Software used in banking

Banking software refers to computer systems used by financial institutions to manage and deliver banking services. These systems support functions such as account management, transaction processing, record keeping, and customer interactions across various channels. Banking software may include core baking systems as well as applications for online, mobile, and automated services. Its development has been influenced by changes information technology, regulatory requirements, and evolving banking practices.

== Categories ==
Banking software encompasses a broad range of systems designed to support different functions within a financial institution. These systems are typically classified by the type of banking activity they support or the operational layer they address.

=== Core Banking Systems ===
Core banking systems (CBS) are the backbone of a bank’s operations. They manage key transactional processes such as deposits, withdrawals, interest calculations, loan servicing, and customer account maintenance. These systems operate in real time and are critical for ensuring consistency and accuracy across branches and digital channels.

=== Loan Management Systems ===
Loan management systems, also referred to as loan servicing systems, support the administration of loans throughout their term, from disbursement to final repayment or write-off. Typical functions include repayment schedule generation, interest and fee calculation, payment allocation, restructuring and rescheduling, collections and delinquency management, and portfolio and regulatory reporting. These systems are used by commercial banks, microfinance institutions, and non-bank lenders, including digital lending and consumer finance providers, to service products ranging from personal and payroll loans to mortgages and asset-backed credit. Although core banking systems include loan servicing modules, standalone loan management software is often adopted by lenders that operate outside a full banking license or that require specialised support for credit decisioning, loan origination, and collections.

=== Digital Banking Platforms ===
Digital banking platforms enable customer-facing services such as online banking, mobile apps, and self-service portals. They provide the user interface and service orchestration required for retail and business banking clients to interact with their accounts, make payments, or access financial products.
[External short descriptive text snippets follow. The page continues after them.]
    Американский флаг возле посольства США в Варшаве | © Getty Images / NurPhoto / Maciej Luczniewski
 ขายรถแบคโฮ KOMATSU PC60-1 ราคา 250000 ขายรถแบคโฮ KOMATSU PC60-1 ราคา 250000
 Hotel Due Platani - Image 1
=== Treasury and Capital Markets Systems ===
These systems are used by banks to manage liquidity, trading, investment portfolios, and capital market operations. They support functions such as risk analysis, treasury transactions processing system, derivatives processing, and securities settlement. Solutions in this category often include modules for interest rate management and regulatory capital tracking.

=== Payment Processing Systems ===
Payment systems support the execution of transactions across multiple payment rails, including ACH, SWIFT, SEPA, card networks, and real-time payments. These systems are designed to process high volumes of transactions securely and in compliance with global payment standards.
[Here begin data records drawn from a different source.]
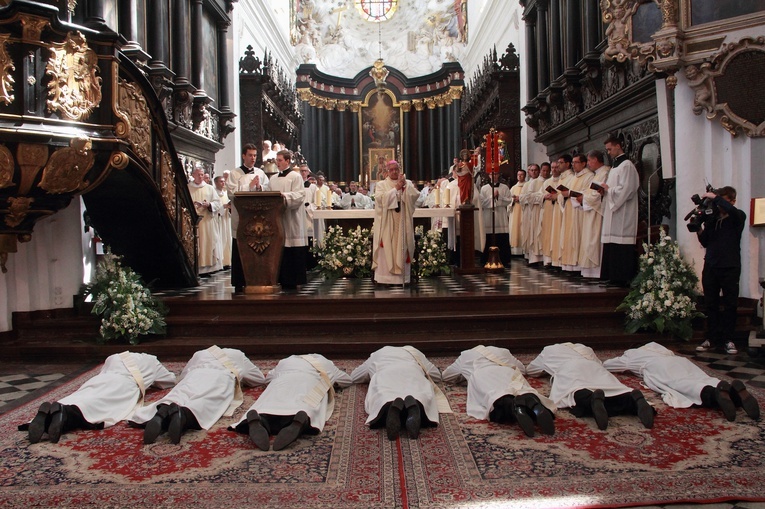 Metropolita gdański prosi wiernych o modlitwę w intencji przyjmujących święcenia kapłańskie.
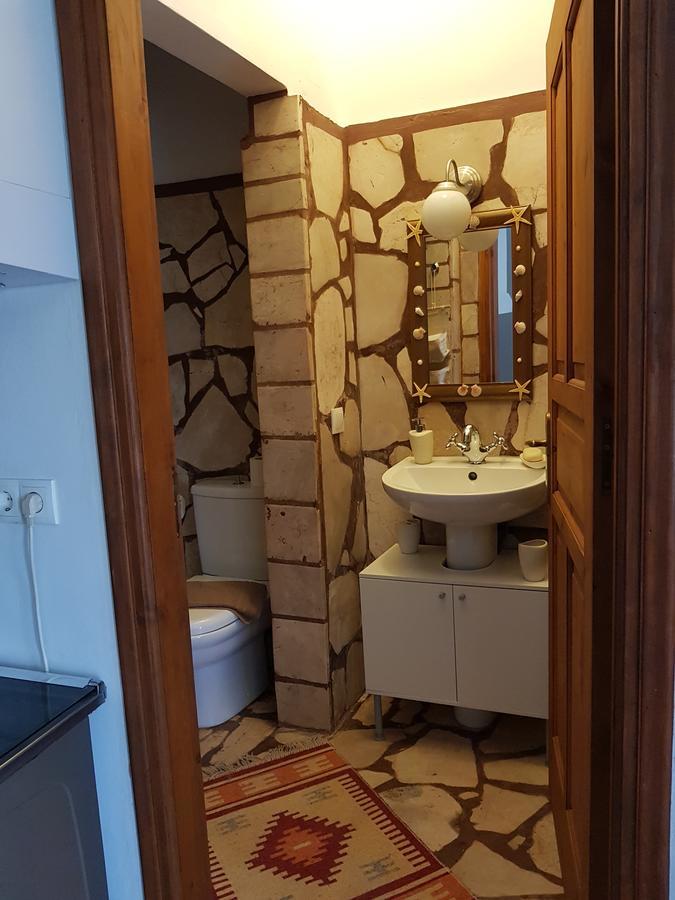P&M House Villa Meyísti Eksteriør bilde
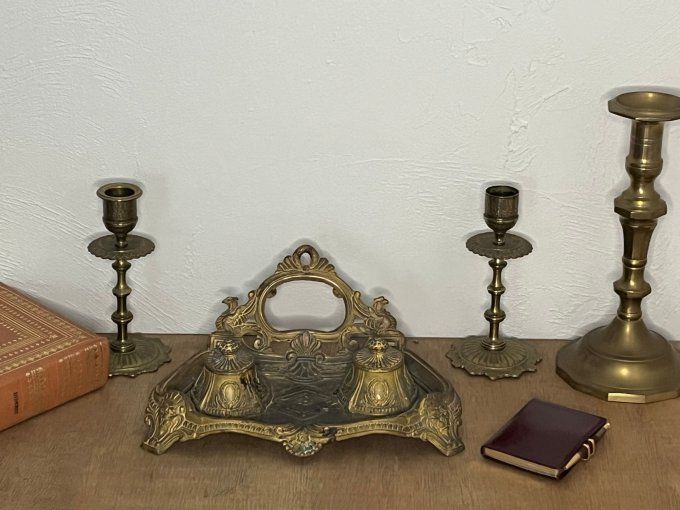 Encrier double ancien de style Néo-Renaissance en métal doré.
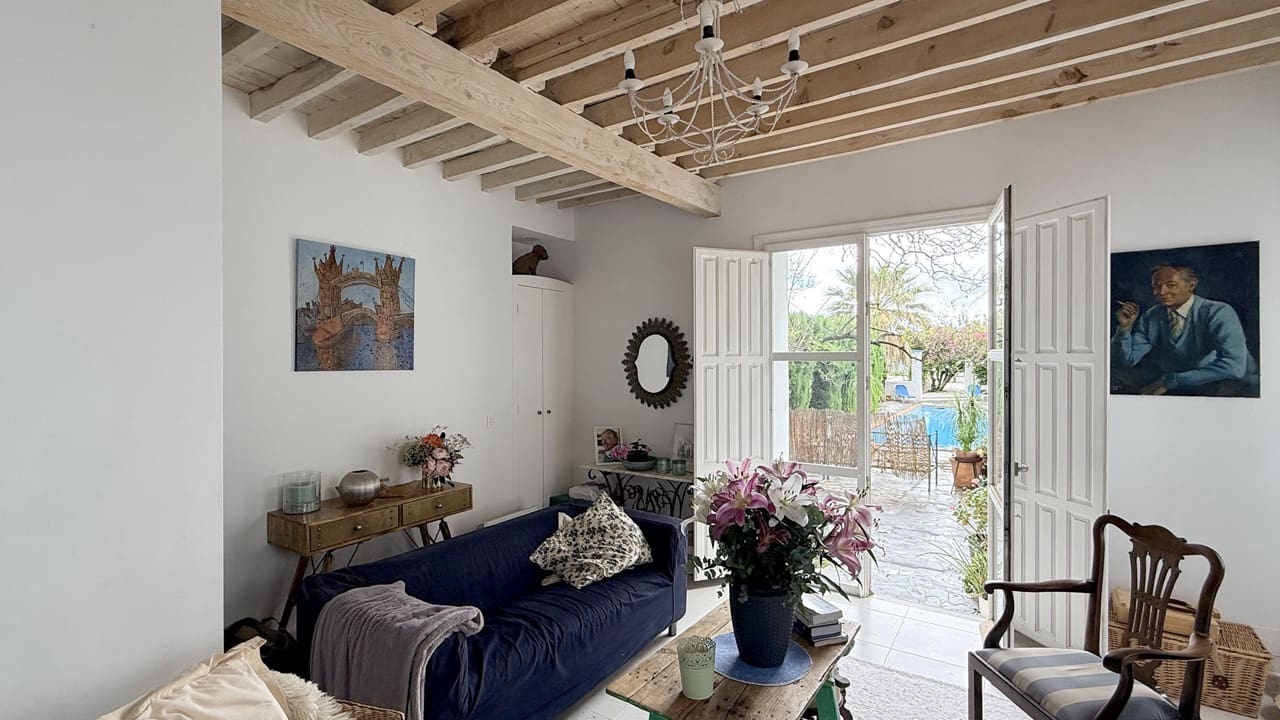 19 soverom Gjestgiveri/B&B til salgs i Otivar med svømmebasseng garasje - € 3 495 000 (Ref: 9861160)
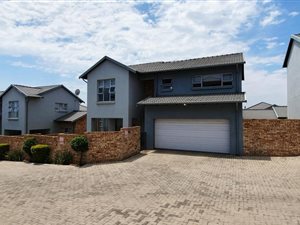 3 Bed Townhouse in North Riding
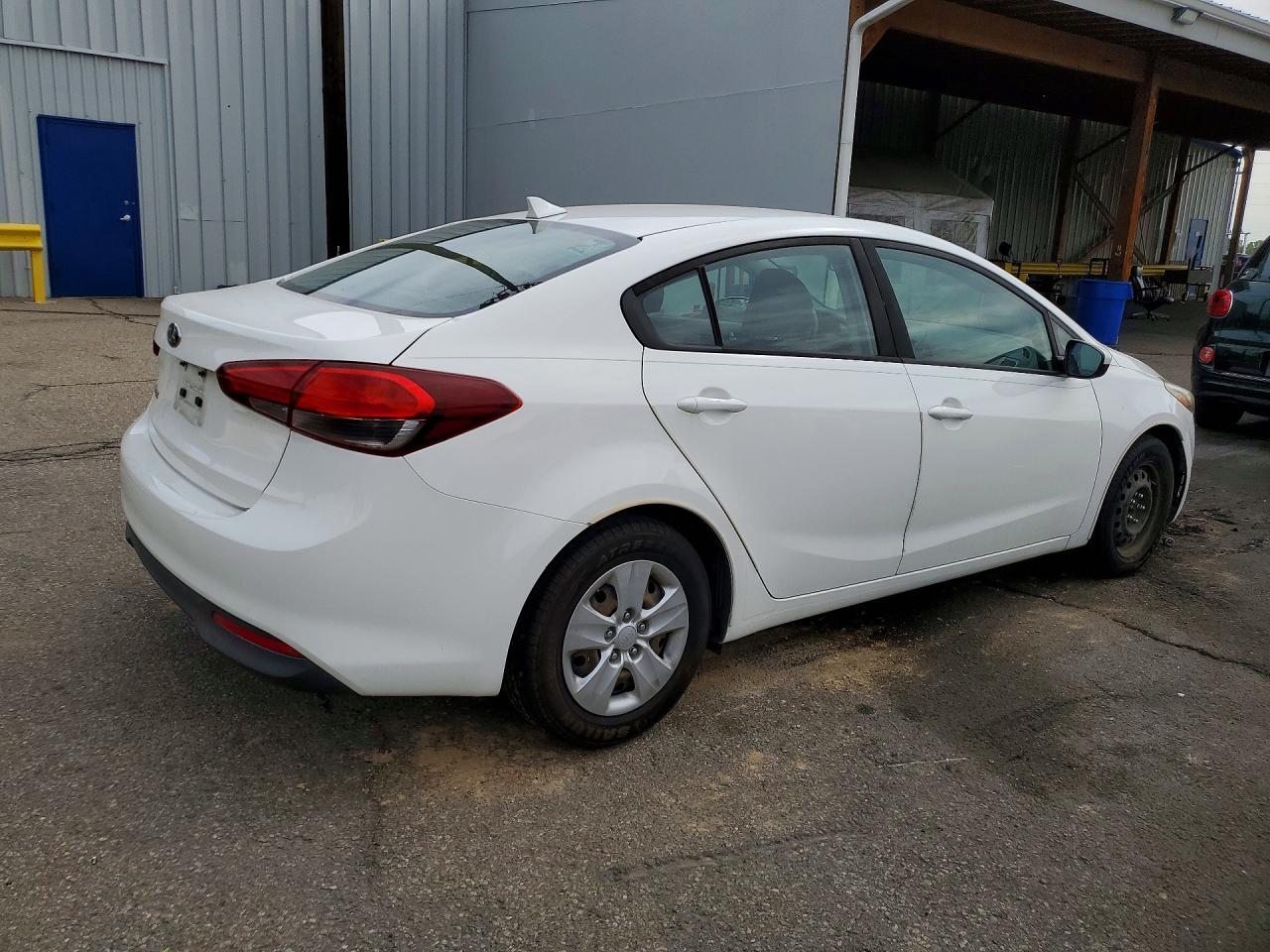 2017 KIA FORTE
=== Risk and Compliance Software ===
This category includes tools designed to meet regulatory obligations and monitor financial and operational risks. Features may include anti-money laundering (AML), know your customer (KYC), fraud detection, sanctions screening, and audit trail generation. Compliance software is often updated to reflect changes in international frameworks such as Basel III, FATF recommendations, or GDPR.

=== Retail banks ===

Commercial or retail banks use what is known as core banking software which records and manages the transactions made by the banks' customers to their accounts. For example, it allows a customer to go to any branch of the bank and do their banking from there. In essence, it frees the customer from their home branch and enables them to do banking anywhere.
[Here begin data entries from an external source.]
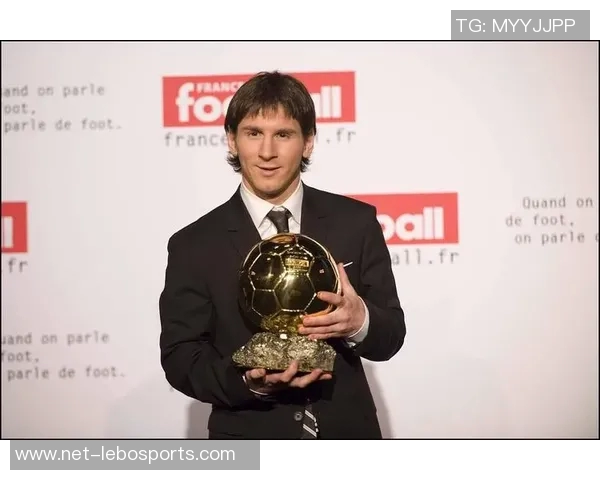 世界足球先生荣誉背后的故事与传奇球员的奋斗历程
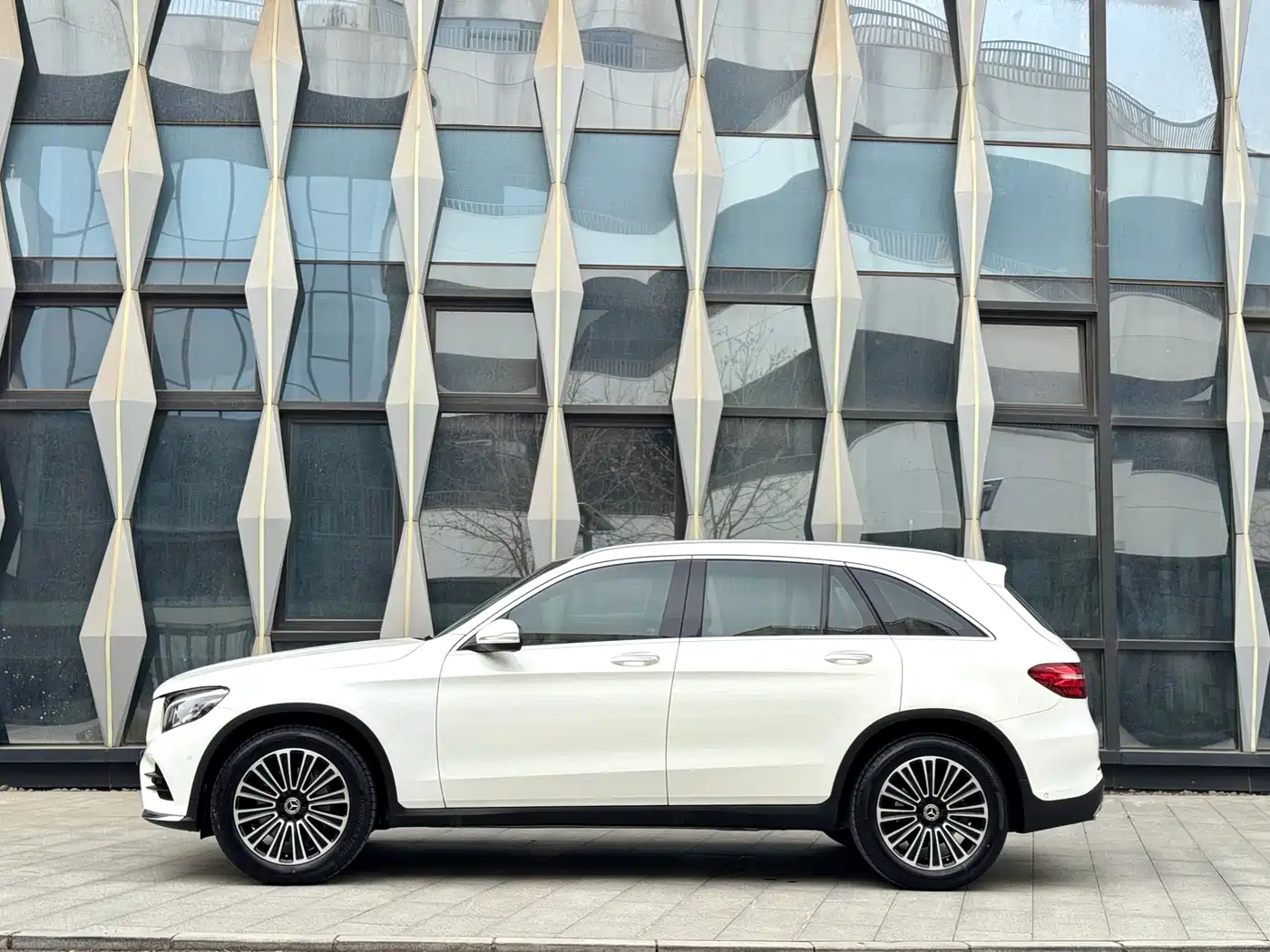 Mercedes-Benz GLC 2019 GLC 260 4MATIC Dynamic фото 3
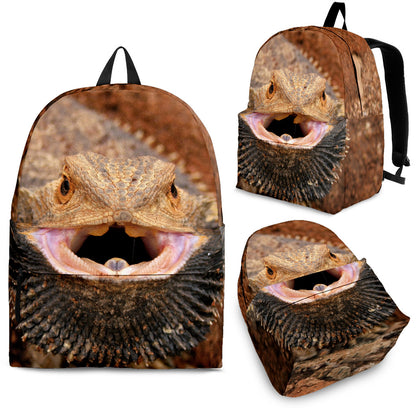 Customizable lightweight backpacks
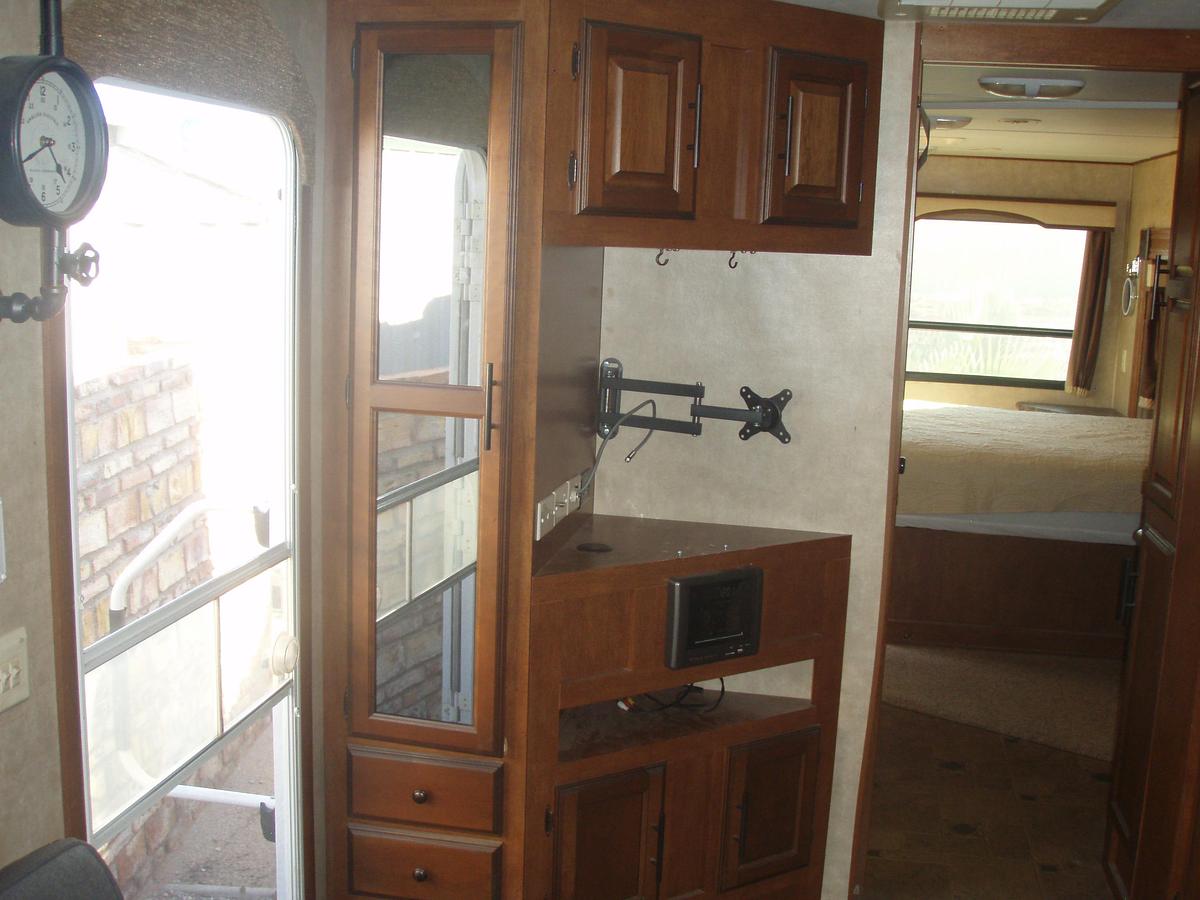 Used 2013 SunnyBrook Raven Travel Trailer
Moreover, core banking software enables integration with channels such as ATMs, internet banking platforms, payment networks and SMS based banking. This integration allows customers to access banking services through multiple channels, supporting broader accessibility and consistency in the service delivery.

Banking software is used by millions of users across hundreds or thousands of branches. This means that the software must be managed on many machines even in a small bank. The core banking system is a major investment for retail banks and maintaining and managing the system can represent a large part of the cost of running a bank. Due to its critical role in banking operations and customer interactions, maintaining the smooth functioning and security of the core banking software is important for financial institutions.

===Investment banks===
Investment banks use software to manage their dealing departments and their client's accountants. These systems often connect to financial markets such as securities exchanges or third-party providers of financial information about international market.

For example, a company such as Bloomberg is a financial software, news, and data company that offers financial software tools through the Bloomberg Terminal. Another example is Reuters whose products specialize in financial information management, purchase order management, positions and risks, and financial instrument sales.

These types of companies provide control solutions and overall productivity for corporate treasury, improved workflow, central banking, bank treasury, exchange and global back-office operations. Examples of these back-office tasks include IT departments that keep the phones and computers running (operations architecture), accounting, human resources (customer relations) and sales and marketing where they come into contact with their customers.

With the help of these software companies, there is efficiency and proper management of transactions both in the front and back offices of banking firms and other financial institutions.